EXERCISE REQUIREMENTS:
Beginning with the line containing "B vitamin supplement" and going on through the line containing "Majestic Water Tiger in Anime Style", the lines below are to be returned exactly, pictures excluded and nothing added.

RECORDS FOR THE TASK:
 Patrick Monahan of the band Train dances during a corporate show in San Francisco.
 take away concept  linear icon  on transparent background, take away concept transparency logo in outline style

---

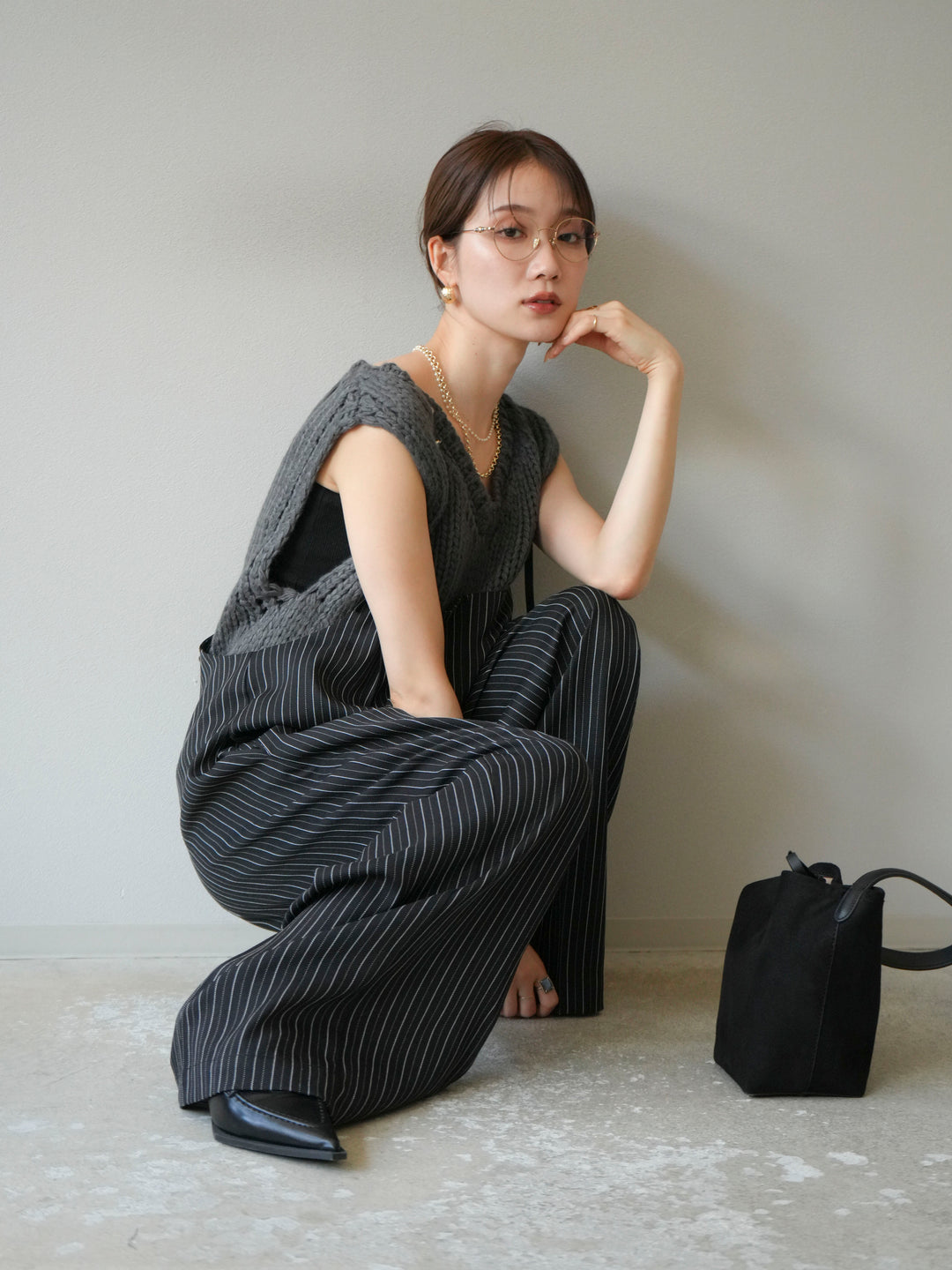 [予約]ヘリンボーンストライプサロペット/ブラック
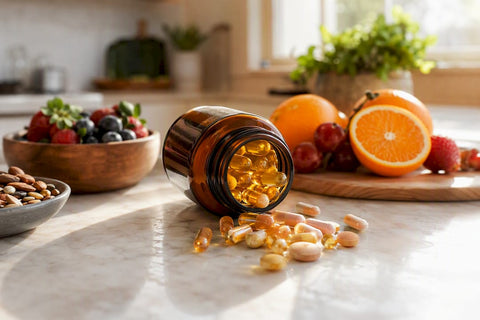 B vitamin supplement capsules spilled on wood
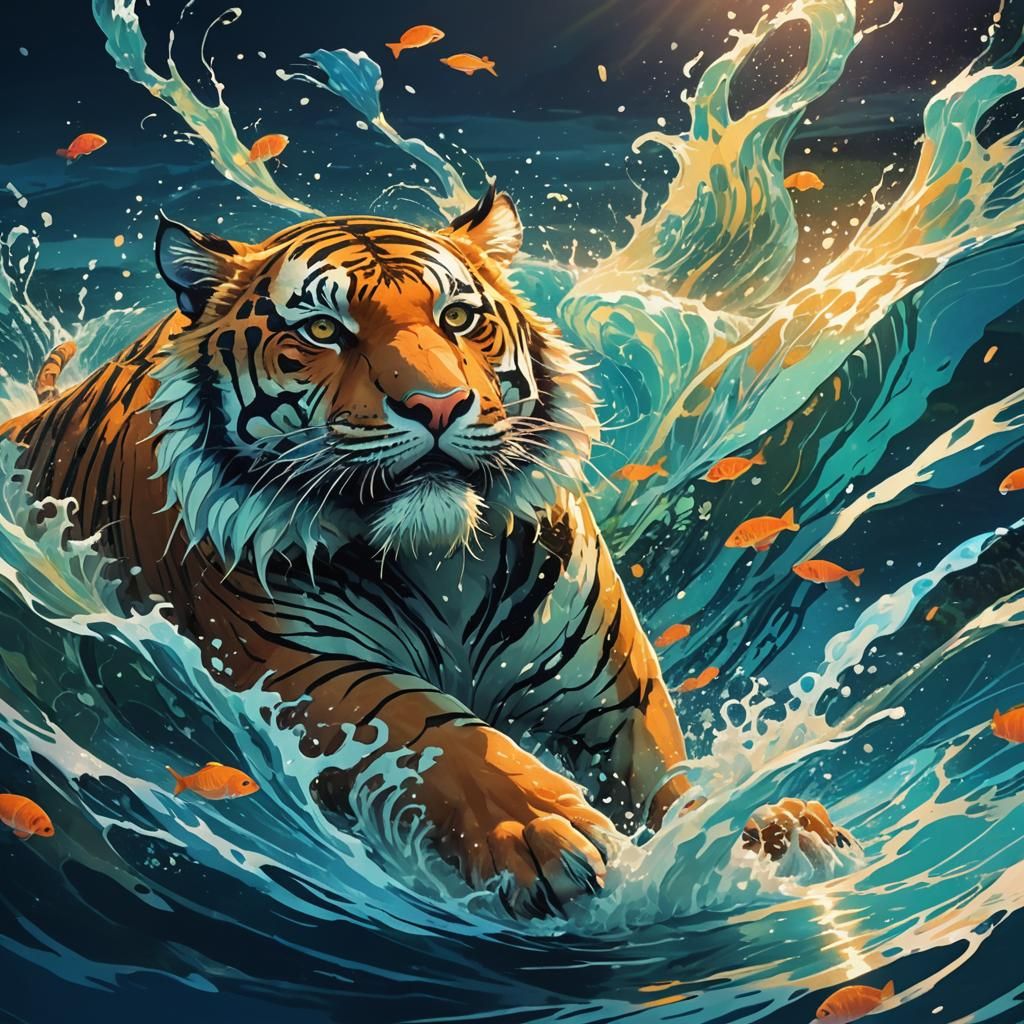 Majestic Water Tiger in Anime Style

--

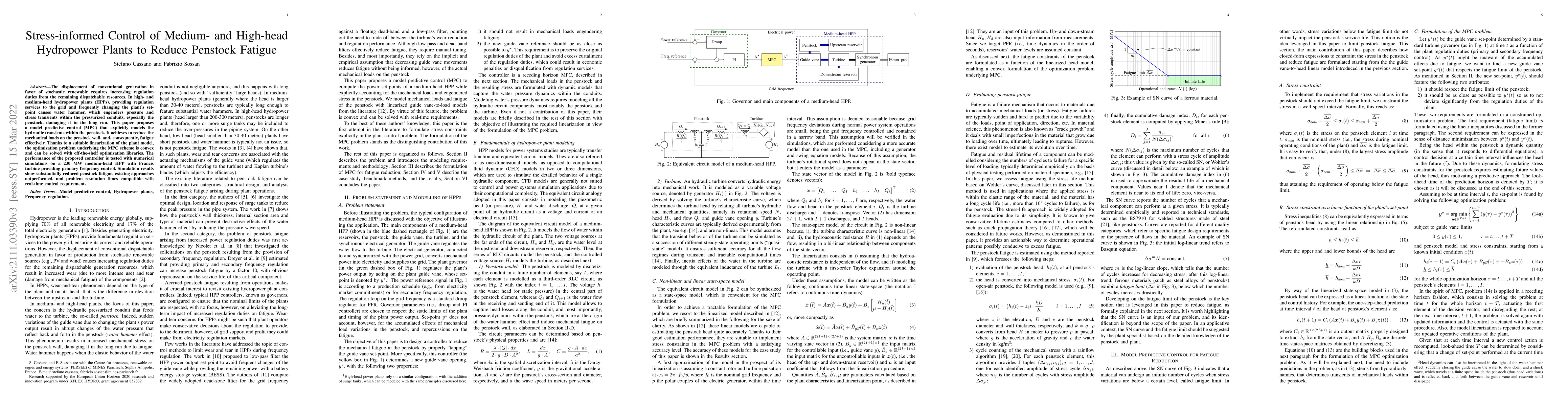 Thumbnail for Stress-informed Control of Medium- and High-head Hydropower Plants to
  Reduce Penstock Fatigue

RESULT FOR THIS EXERCISE:
 B vitamin supplement capsules spilled on wood
 Majestic Water Tiger in Anime Style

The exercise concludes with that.